Several design choices in the engine exist specifically for programmatic consumers: `FidelityReport` lets agents verify edit quality without visual inspection, `dry_run=True` lets agents preview before committing, and the structured error hierarchy (`FontNotFoundError`, `EncodingError`, `OperatorError`, `ReflowError`) enables targeted recovery logic.

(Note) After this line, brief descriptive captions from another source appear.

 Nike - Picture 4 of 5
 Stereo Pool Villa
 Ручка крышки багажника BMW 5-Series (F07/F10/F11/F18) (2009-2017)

Install the MCP server: `npx -y @aryanbv/pdf-edit-mcp`

## Performance

Benchmarks on Windows 11, Python 3.12, WinAnsi PDFs:

| Operation | Input | Time |
|-----------|-------|------|
| `get_text()` | 100-page PDF | ~0.3s |
| `find()` | 100-page PDF, 900 matches | ~0.3s |
| `replace()` | Single page | ~0.03s |
| `batch_replace()` | 50 edits | ~0.1s |

Identity-H PDFs (Chrome, Google Docs) may be slower due to CMap parsing. Performance scales linearly with page count. Memory stays under 500MB for 100-page operations.

## Tested PDF generators

CI runs on Python 3.12 and 3.13. The test suite validates against PDFs from multiple generators:

| Generator | Encoding | Character Agreement |
|-----------|----------|-------------------|
| Chrome (Print to PDF) | Identity-H | 100% |
| Google Docs | Identity-H | 100% |
| reportlab (4 variants) | WinAnsi | 100% |
| pikepdf (synthetic) | WinAnsi | 100% |

## Audit suite

Beyond ~660 conventional unit tests, the engine ships **81 invariant probes** under
`tests/invariants/` covering 14 layers (encoding, content stream, font, locator,
surgeon, structural, reflow, wrapper, annotations, fidelity contract, public API,
error hierarchy, security, differential vs pdfminer.six). Each probe quotes the
invariant claim verbatim in its docstring and runs as part of `make test`. The
probes were generated by the v0.1.2 release-gate audits — see
`docs/audit-findings-v0.1.2.md`, `docs/security-review-v0.1.2.md`, and
`docs/comprehensive-audit-2026-05-02.md`. 15 violations surfaced across the
audits (9 in the invariant pass, 6 in the post-audit hardening review), all
root-fixed structurally rather than patched per call site. The probes are now
permanent regression guards.

## Error handling

```
PDFEditError (base)
├── FontNotFoundError    — font not in PDF or not on system
├── EncodingError        — CMap parse failure or unmappable characters
├── OperatorError        — content stream parse/unparse failure
└── ReflowError          — paragraph reflow failure
```

All exceptions inherit from `PDFEditError`. Catch the base class for general error handling, or specific subclasses for targeted recovery.

## Tech stack

| Library | Purpose | License |
|---------|---------|---------|
| [pikepdf](https://github.com/pikepdf/pikepdf) | Content stream parse/unparse, PDF manipulation | MPL-2.0 |
| [fonttools](https://github.com/fonttools/fonttools) | Font extraction, CMap parsing, glyph metrics | MIT |
| [pdfminer.six](https://github.com/pdfminer/pdfminer.six) | Text extraction with positional data | MIT |

## Development

```bash
git clone https://github.com/AryanBV/pdf-edit-engine.git
cd pdf-edit-engine
python -m venv .venv
source .venv/bin/activate      # Linux/macOS
# .venv\Scripts\activate       # Windows
pip install -e ".[dev]"

make lint        # ruff check src/ tests/
make typecheck   # mypy strict
make test        # pytest with coverage
make all         # lint + typecheck + test
```

## Known limitations

- Cross-paragraph reflow not supported — text reflows within a single paragraph only
- Type 3 fonts (bitmap/procedural) not supported for extension
- PDF/A compliance not maintained after editing
- Digital signatures invalidated by any edit (inherent to PDF signatures)

Full list: [LIMITATIONS.md](LIMITATIONS.md)

## Contributing

Contributions welcome. Run `make all` before submitting a PR. See [docs/architecture.md](docs/architecture.md) for module details and [docs/decisions.md](docs/decisions.md) for design rationale.

## License

MIT — see [LICENSE](LICENSE) for details.